Regulator Watts - ‘Candy Bullet O’ from The Aesthetics of No-Drag (1997)

This is one of the times I regret not having a physical copy of this album, and thus no lyrics sheet*. It’s pretty impossible to work out what Alex Dunham is singing about, from sound alone, so all one is left with is the chorus-y part:

“said fuck her, said fuck her slow

nine to five at a standstill

seven minutes to go”

which isn’t necessarily all that much help. The fact that ‘candy bullet’ is the name of a vibrator makes it fairly clear what the ‘O’ refers to, but beyond that? 

It’s far from the best song on the album (that probably has to go to the equally suggestively titled ‘Ballad of St. Tinnitus’, or the simply phenomenal closer ‘Witchduck’**) but it’s, well, pretty forceful - or as I described it before, “hynotic [and] penetrating” - and another example of the post-Hoover aesthetic Dunham pretty relentlessly churned out on this and the Mercury CD; before calming down a little and expanding on the more focused song-writing of Radio Flyer (though the fire definitely came back when he joined former Hoover bandmate Fred T. Erskine’s band Abilene for their second album, Two Guns, Twin Arrows). Great music to wrap yourself in and remember what it’s like to have screaming guitar and pulsing bass rhythms ricocheting around your mind.

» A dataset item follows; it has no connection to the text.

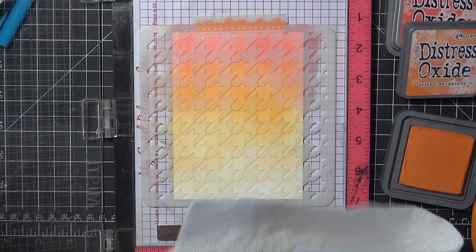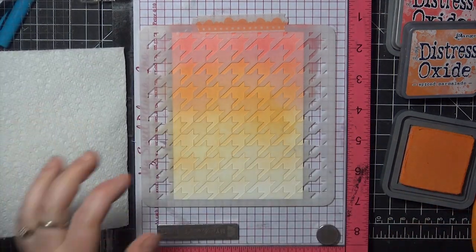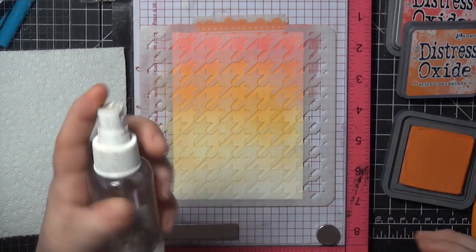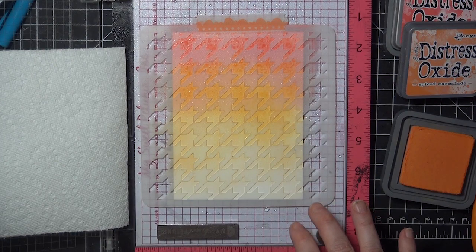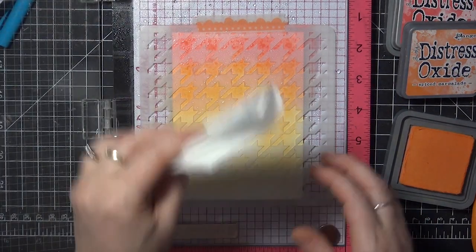I'm going to flip my stencil back down into place and get a paper towel ready. The next step is to lightly mist water into the upper area of the card where we did the ink blending before, and then blot through the stencil to lift the reactivated ink away — you don't want too much water there because it will seep under the stencil.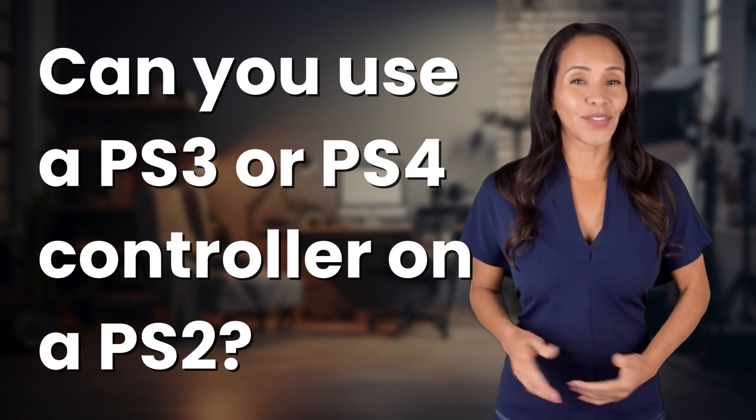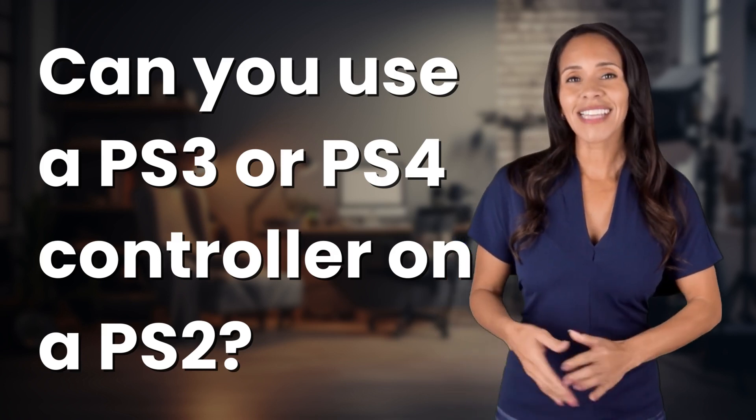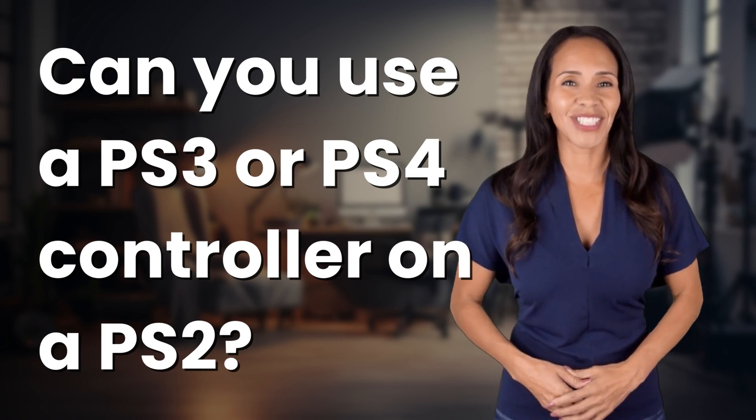Feeding your curiosity, fueling our passion. Let's satisfy our quest for knowledge with today's question.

*though I think at least a couple of my followers might have it?

**here’s Andrew writing about it, in a way that doesn’t make it sound masturbatory at all (j/k!): 

“It’s due to Alex Dunham’s prowess at his instrument that things stay so interesting, and he continually twists and pulls at his guitar strings with his fingers, wringing squeals, screams, and tortured harmonics from it even as he keeps the main riff moving along constantly. It’s amazing to hear him unleashed in such raw, powerful form, especially considering that he’s Regulator Watts’s only guitarist. He didn’t do this much in Hoover, even with Joseph McRedmond’s rhythm guitar available to keep the song grounded. It’s almost as if being locked within the musical constraints that come with being the sole guitarist in a band have somehow freed him, given him license to reach limits on his own that he never tested when he was playing with someone else.”

(Reblogged from hardcorefornerds)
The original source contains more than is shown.